Ganti rugi tanah belum kelar, ahli waris kembali blokir jalan perkantoran Bupati Meranti

id Jalan perkantoran Bupati Meranti diblokir ,Pemkab Meranti ,Jalan kantor Bupati Meranti ditutup

Ganti rugi tanah belum kelar, ahli waris kembali blokir jalan perkantoran Bupati Meranti

Evi Andriani, istri ahli waris bersama anaknya berdiri di salah satu jalan Perkantoran Bupati Kepulauan Meranti yang diblokirnya menggunakan seng pada Minggu (30/7/2023) kemarin. (ANTARA/Rahmat Santoso)

Selatpanjang (ANTARA) - Salah satu jalan di komplek Perkantoran Bupati Kepulauan Meranti kembali diblokir oleh sang ahli waris yang mengaku sebagai pemilik tanah.

Pantauan di lapangan, Senin, pemblokiran jalan tersebut buntut dari ganti rugi tanah yang belum kelar. Pemblokiran dilakukan oleh istri ahli waris menggunakan kayu dan ditutup seng sejak Minggu sekitar pukul 17.30 WIB.

Sebelumnya, pemblokiran yang sama pada akses keluar masuk sejumlah kantor OPD itu dilakukan ahli waris pada akhir 2022 lalu. Ahli waris diketahui bernama Eddy Suwanto.

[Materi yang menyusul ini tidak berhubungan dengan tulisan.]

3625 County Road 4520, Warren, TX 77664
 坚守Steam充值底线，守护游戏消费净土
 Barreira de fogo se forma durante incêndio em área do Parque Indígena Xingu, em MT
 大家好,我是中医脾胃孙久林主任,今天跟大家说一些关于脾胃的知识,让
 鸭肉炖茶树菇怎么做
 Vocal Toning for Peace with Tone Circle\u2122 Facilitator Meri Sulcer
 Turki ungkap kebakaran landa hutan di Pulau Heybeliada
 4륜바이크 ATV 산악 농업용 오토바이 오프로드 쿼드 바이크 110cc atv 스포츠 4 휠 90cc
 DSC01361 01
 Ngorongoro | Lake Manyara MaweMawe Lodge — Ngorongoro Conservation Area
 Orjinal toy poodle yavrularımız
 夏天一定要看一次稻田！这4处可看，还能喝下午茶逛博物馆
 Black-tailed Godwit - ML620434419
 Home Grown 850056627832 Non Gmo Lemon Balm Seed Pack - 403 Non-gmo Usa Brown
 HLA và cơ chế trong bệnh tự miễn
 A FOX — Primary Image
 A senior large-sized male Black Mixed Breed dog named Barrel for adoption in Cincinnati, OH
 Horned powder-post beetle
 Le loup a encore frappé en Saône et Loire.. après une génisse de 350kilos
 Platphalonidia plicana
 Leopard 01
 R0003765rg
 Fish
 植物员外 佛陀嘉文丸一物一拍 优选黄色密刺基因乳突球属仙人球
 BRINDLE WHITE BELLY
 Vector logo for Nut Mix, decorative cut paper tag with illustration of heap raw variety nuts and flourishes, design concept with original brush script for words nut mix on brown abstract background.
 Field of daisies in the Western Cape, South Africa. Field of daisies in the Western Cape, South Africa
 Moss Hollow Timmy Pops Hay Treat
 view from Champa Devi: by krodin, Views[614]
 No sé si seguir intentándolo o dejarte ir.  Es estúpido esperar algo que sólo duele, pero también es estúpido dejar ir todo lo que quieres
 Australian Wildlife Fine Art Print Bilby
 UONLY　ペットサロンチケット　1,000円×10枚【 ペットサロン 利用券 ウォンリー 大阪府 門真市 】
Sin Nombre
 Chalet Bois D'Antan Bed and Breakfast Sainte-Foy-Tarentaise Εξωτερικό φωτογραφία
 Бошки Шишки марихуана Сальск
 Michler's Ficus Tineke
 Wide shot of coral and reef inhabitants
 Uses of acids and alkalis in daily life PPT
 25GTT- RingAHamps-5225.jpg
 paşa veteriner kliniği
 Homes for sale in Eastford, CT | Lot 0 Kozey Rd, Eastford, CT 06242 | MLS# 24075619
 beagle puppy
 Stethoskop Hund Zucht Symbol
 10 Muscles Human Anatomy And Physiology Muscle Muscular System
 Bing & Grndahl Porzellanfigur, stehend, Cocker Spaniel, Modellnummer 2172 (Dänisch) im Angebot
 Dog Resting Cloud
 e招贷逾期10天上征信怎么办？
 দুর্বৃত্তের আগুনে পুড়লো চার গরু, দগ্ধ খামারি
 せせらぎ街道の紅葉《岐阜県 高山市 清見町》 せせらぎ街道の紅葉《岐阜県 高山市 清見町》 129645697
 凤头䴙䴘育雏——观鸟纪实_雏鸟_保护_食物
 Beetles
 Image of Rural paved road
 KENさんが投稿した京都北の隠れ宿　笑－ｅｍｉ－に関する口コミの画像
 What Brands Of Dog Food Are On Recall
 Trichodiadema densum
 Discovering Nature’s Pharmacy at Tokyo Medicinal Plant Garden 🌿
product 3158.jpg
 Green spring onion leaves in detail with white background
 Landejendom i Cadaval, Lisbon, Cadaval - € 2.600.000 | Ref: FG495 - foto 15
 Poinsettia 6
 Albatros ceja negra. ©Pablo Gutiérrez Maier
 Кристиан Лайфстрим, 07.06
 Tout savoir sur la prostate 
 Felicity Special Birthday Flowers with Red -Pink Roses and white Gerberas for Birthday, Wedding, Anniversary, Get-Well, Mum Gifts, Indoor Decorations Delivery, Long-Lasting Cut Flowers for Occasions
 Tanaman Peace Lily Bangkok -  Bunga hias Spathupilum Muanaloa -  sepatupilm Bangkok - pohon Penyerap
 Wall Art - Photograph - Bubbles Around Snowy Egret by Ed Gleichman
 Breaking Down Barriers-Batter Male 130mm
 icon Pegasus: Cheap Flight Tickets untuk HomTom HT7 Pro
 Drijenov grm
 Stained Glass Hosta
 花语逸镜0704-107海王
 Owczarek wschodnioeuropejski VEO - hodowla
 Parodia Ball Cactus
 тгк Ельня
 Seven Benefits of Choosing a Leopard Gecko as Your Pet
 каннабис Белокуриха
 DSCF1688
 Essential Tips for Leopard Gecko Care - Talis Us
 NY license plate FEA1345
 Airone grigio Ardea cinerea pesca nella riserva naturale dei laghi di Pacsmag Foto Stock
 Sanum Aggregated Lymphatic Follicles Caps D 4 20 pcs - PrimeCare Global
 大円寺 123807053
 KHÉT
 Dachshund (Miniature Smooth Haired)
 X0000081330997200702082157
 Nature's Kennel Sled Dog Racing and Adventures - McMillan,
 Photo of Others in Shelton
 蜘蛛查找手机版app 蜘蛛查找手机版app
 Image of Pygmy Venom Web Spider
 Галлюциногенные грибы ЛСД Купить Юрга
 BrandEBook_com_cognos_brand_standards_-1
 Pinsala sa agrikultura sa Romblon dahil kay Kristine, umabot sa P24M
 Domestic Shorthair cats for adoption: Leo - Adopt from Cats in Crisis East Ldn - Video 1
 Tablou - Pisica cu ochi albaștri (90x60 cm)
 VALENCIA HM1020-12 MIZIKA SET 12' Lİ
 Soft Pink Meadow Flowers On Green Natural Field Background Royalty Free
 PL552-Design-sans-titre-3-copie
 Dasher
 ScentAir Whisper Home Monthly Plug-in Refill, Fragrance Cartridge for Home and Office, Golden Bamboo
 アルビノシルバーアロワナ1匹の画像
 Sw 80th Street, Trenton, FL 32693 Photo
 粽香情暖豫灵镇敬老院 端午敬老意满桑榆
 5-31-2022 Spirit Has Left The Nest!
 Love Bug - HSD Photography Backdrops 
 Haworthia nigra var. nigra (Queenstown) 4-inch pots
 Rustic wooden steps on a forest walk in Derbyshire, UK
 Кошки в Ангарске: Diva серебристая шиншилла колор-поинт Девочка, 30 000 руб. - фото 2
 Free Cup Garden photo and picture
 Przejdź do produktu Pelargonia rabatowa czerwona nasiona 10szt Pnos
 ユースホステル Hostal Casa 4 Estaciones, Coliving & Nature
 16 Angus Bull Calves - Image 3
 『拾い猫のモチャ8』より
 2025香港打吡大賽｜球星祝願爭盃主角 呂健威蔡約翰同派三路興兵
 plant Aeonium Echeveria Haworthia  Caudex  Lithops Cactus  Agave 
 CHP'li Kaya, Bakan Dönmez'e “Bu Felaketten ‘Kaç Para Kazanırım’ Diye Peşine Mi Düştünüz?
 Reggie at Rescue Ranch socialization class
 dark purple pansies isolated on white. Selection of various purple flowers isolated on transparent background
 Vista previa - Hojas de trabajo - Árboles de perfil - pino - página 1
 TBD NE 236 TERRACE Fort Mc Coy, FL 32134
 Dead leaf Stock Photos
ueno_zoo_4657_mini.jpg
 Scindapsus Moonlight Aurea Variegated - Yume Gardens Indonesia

Evi Andriani, istri dari ahli waris itu menyebutkan pemblokiran lantaran lahan yang sudah dibangun body jalan tersebut belum ada ganti rugi. Ia mengaku kecewa dan sudah kehilangan kesabaran karena terus dijanjikan oleh Pemkab Kepulauan Meranti.

"Ini memang hak kami, kalau seandainya tanah sudah dibayarkan kami tak akan berbuat seperti ini, kami juga tahu hukum dan paham aturan. Ini sudah sangat keterlaluan dan sudah 11 tahun mengulur-ulur waktu," ungkap Evi.

Tindakan tersebut, kata Evi, diambil melalui keputusan dan musyawarah dengan seluruh ahli waris beserta keluarga setelah haknya tidak dibayar oleh Pemkab.

"Dimulai periode Irwan Nasir (mantan Bupati Meranti 2010-2015 dan 2016-2021), Muhammad Adil (mantan Bupati Meranti periode 2021-2024) dan sampai Asmar (Plt Bupati Meranti) ini hanya janji belaka dan janji kosong saja," sebut Evi lagi.

Diakui Evi bahwa Pemkab Kepulauan Meranti berencana akan mengajukan gugatan adalah sesuatu yang tidak masuk akal. Karena pihaknya memiliki surat lengkap, sementara Pemkab tidak memiliki sehelai pun surat terkait keabsahan lahan tersebut.

"Untuk itu kami harus berani karena ini adalah hak milik kami. Jika Pemda mau menuntut kami, mau surat yang bagaimana semua kami ada," ucapnya.

Ia menuturkan, jika pemblokiran tersebut ingin dibuka maka Pemkab Kepulauan Meranti harus membayar dulu ganti ruginya sebesar Rp1 miliar lebih. Dimana sebelumnya juga sudah diukur dengan ukuran 20 × 130 meter persegi dan per meternya dihargai Rp500 ribu.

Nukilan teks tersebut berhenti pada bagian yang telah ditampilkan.